パソコンの壁紙を,自身の作品にしてみたいとふと感じることがある。

標準的に搭載された壁紙は,やはり雰囲気に合うしシンプルなため,ちょうど良い。しかし,何かが物足りない。

そう思い,何度か自身で撮影した写真を壁紙にしてみるが,何かが違う。

主張が強いような,弱いような。地味なような,派手なような。

パソコンの壁紙である以上,パソコンとしての利用には支障をきたさないシンプルなものである必要がある。しかし,かといって地味なものではダメだ。

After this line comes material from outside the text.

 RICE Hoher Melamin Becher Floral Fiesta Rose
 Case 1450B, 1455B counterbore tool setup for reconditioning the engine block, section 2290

私の作品であり,私のパソコンである以上は,私が思い描く画を壁紙にしたい。

そうして,私のパソコンの壁紙を自給自足するという試みが始まる。

作品とのダイアローグ

まずは,既存の作品を試してみる。だが,どうも何かしっくりとこない。

壁紙という枠組みに当てはめた途端に,その写真は何かが違うように感じる。

そうすればこの違和感を払拭できるだろうか。

そうして,私の気に入っている写真を何枚も試していると,何かと懐かしさが込み上げてくる。

自分のカメラを手にして間もない頃の写真から,徐々にカメラとの距離が開き始めた頃の写真,旧友と出かけた際の写真から,引っ越しの直前と直後の全く異なる景色。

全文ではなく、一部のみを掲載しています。